• _Work request_:
Quote the data below in full, minus the images.

• _Given data_:
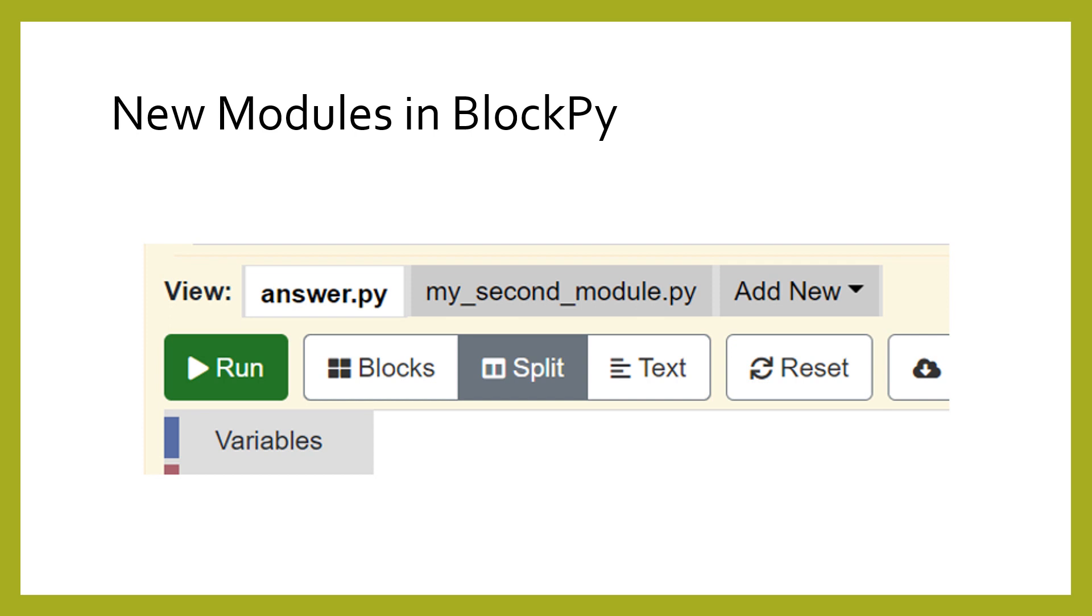Most editors allow you to create additional Python files that can be imported into your main Python file. BlockPy has this feature, but most problems disable that functionality so that you are not distracted. Still, sometimes you will see an additional row of tabs that allow you to view and add files.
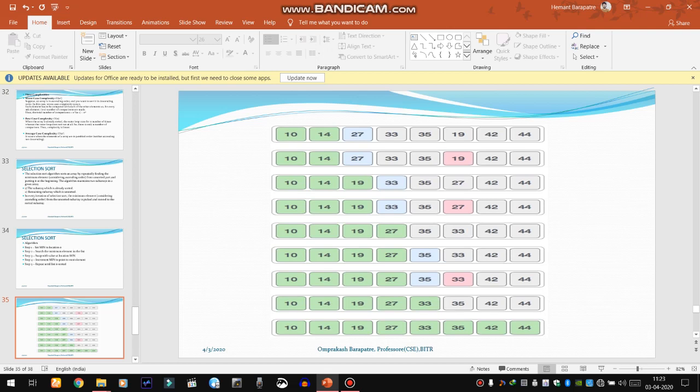In the second iteration, we set 14 as the minimum index. Now 14 is compared with all the remaining elements: 27, 33, 35, 19, 42, and 44. Since 14 is the second smallest element in the array, we don't have to exchange it with any other element.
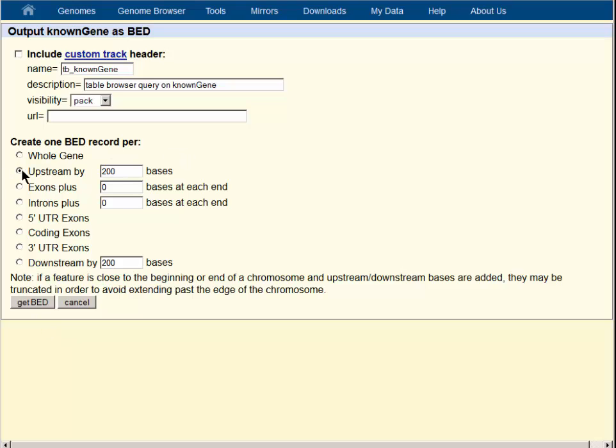The get output button takes us to a choice page where we can set some parameters. We'll create one bed record for the upstream region and we will accept the 200 base upstream default position. Of course, you're free to use whatever region you want.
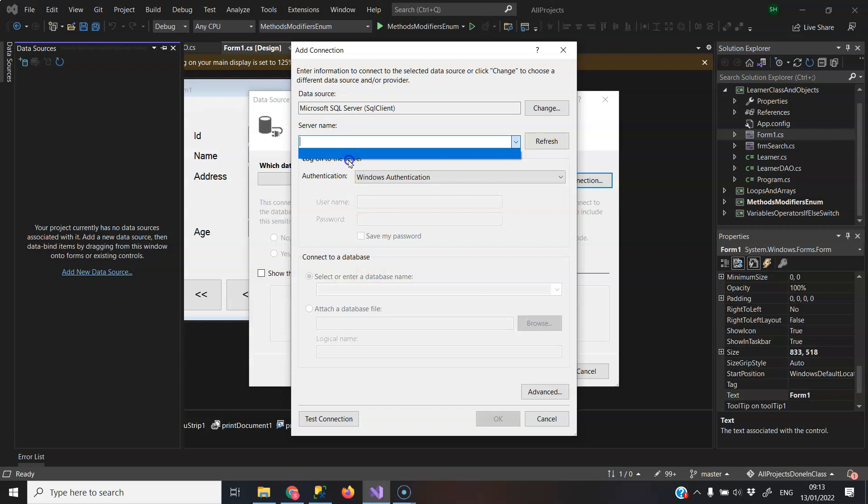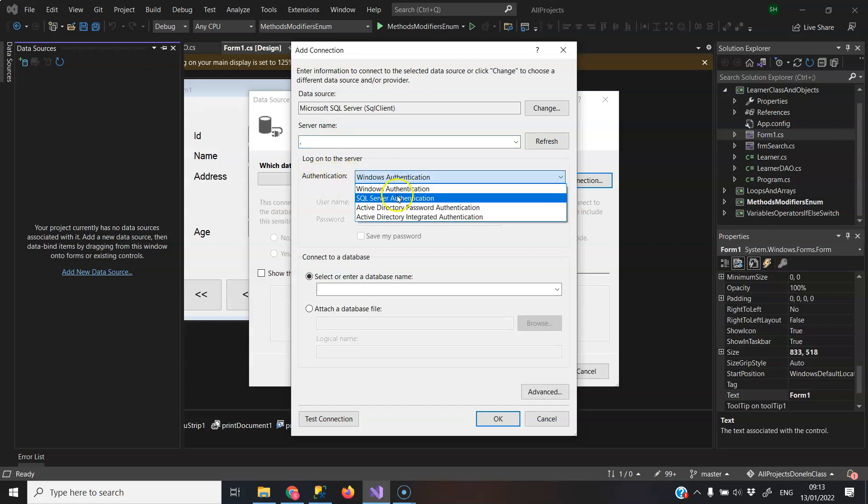So the solution for that is to put a full stop dot in that list, and what that does is it says connect to the current server on my machine. And now you can change authentication there.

• _Answer section_:
Most editors allow you to create additional Python files that can be imported into your main Python file. BlockPy has this feature, but most problems disable that functionality so that you are not distracted. Still, sometimes you will see an additional row of tabs that allow you to view and add files.
In the second iteration, we set 14 as the minimum index. Now 14 is compared with all the remaining elements: 27, 33, 35, 19, 42, and 44. Since 14 is the second smallest element in the array, we don't have to exchange it with any other element.
The get output button takes us to a choice page where we can set some parameters. We'll create one bed record for the upstream region and we will accept the 200 base upstream default position. Of course, you're free to use whatever region you want.
So the solution for that is to put a full stop dot in that list, and what that does is it says connect to the current server on my machine. And now you can change authentication there.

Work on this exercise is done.